> _TASK PROMPT_: Which lines run from the one containing "this 1024×683 image." to the end of the material below? Copy them exactly, pictures excluded.

> _INFORMATION SUPPLIED_:
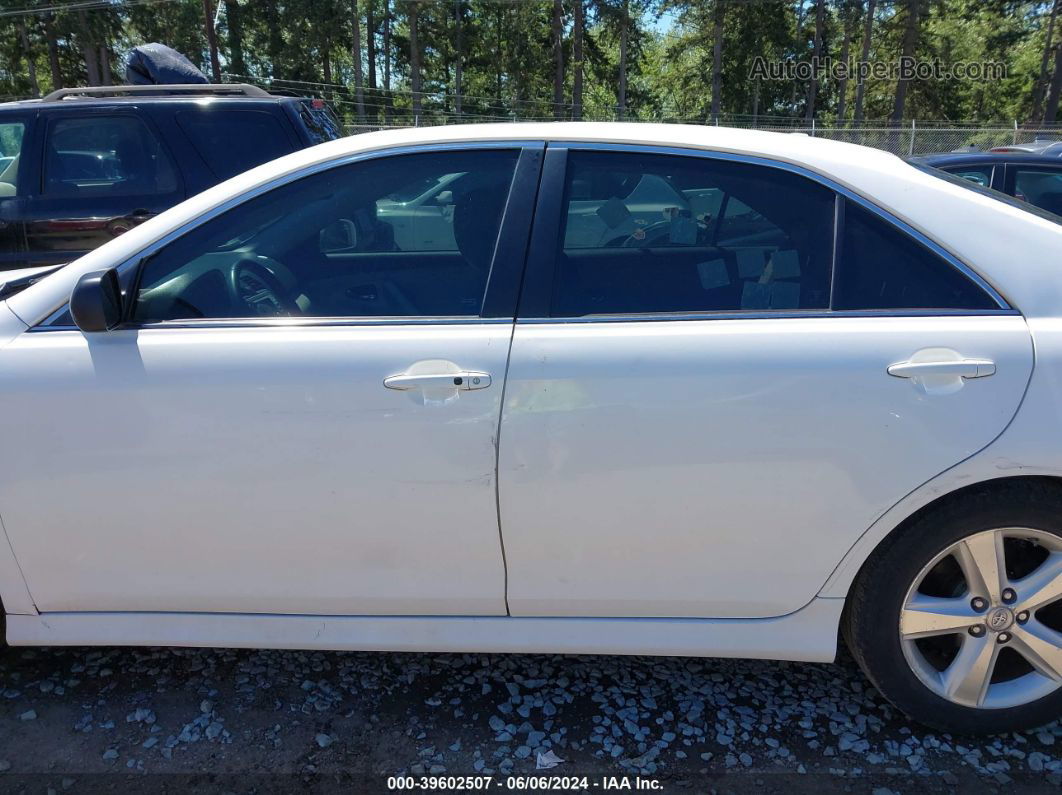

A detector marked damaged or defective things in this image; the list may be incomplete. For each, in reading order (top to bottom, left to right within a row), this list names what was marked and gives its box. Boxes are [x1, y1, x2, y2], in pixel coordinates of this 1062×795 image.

dent on door [499, 314, 1036, 615]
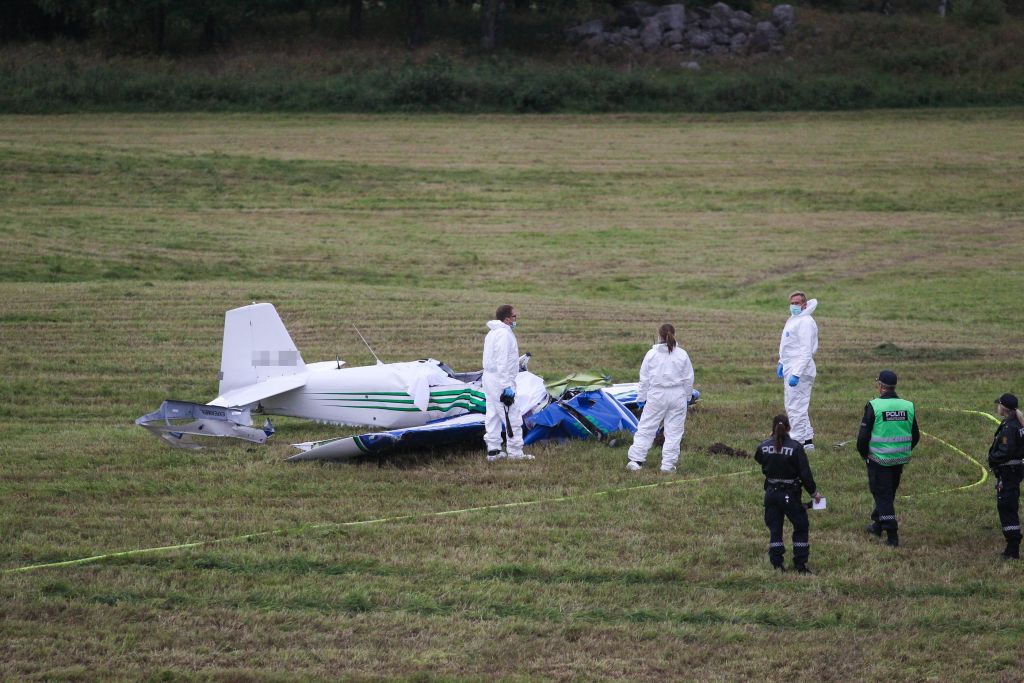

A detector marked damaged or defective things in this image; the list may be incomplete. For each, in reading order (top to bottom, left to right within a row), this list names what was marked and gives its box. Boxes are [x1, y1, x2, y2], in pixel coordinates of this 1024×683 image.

crashed small airplane [138, 303, 696, 458]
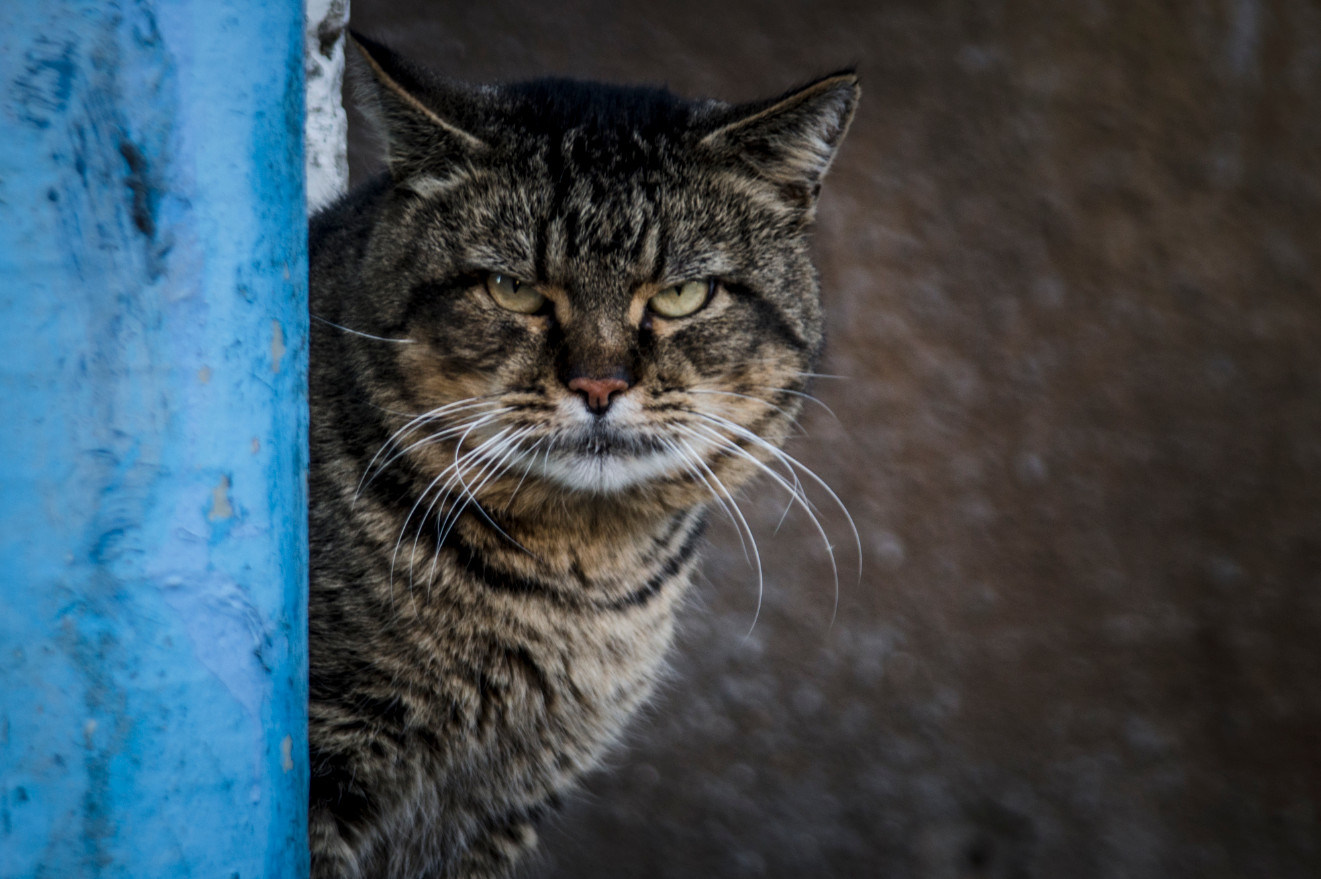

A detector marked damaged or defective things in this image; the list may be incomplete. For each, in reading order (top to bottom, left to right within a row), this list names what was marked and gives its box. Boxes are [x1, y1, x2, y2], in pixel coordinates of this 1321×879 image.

peeling blue paint [0, 1, 306, 877]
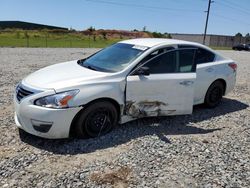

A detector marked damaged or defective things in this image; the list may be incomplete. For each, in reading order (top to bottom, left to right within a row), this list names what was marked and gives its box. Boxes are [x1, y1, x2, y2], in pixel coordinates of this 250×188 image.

damaged hood [23, 59, 109, 90]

> _ANSWER TO THE EXERCISE_:
A detector marked damaged or defective things in this image; the list may be incomplete. For each, in reading order (top to bottom, left to right within a row), this list names what was marked and gives its box. Boxes are [x1, y1, x2, y2], in pixel coordinates of this 1024×683 image.

crashed small airplane [138, 303, 696, 458]

A detector marked damaged or defective things in this image; the list may be incomplete. For each, in reading order (top to bottom, left to right within a row), this list names what was marked and gives its box. Boxes are [x1, y1, x2, y2], in pixel coordinates of this 1321×879 image.

peeling blue paint [0, 1, 306, 877]

A detector marked damaged or defective things in this image; the list may be incomplete. For each, in reading order (top to bottom, left to right within a row), this list names what was marked and gives its box. Boxes are [x1, y1, x2, y2], in pixel coordinates of this 250×188 image.

damaged hood [23, 59, 109, 90]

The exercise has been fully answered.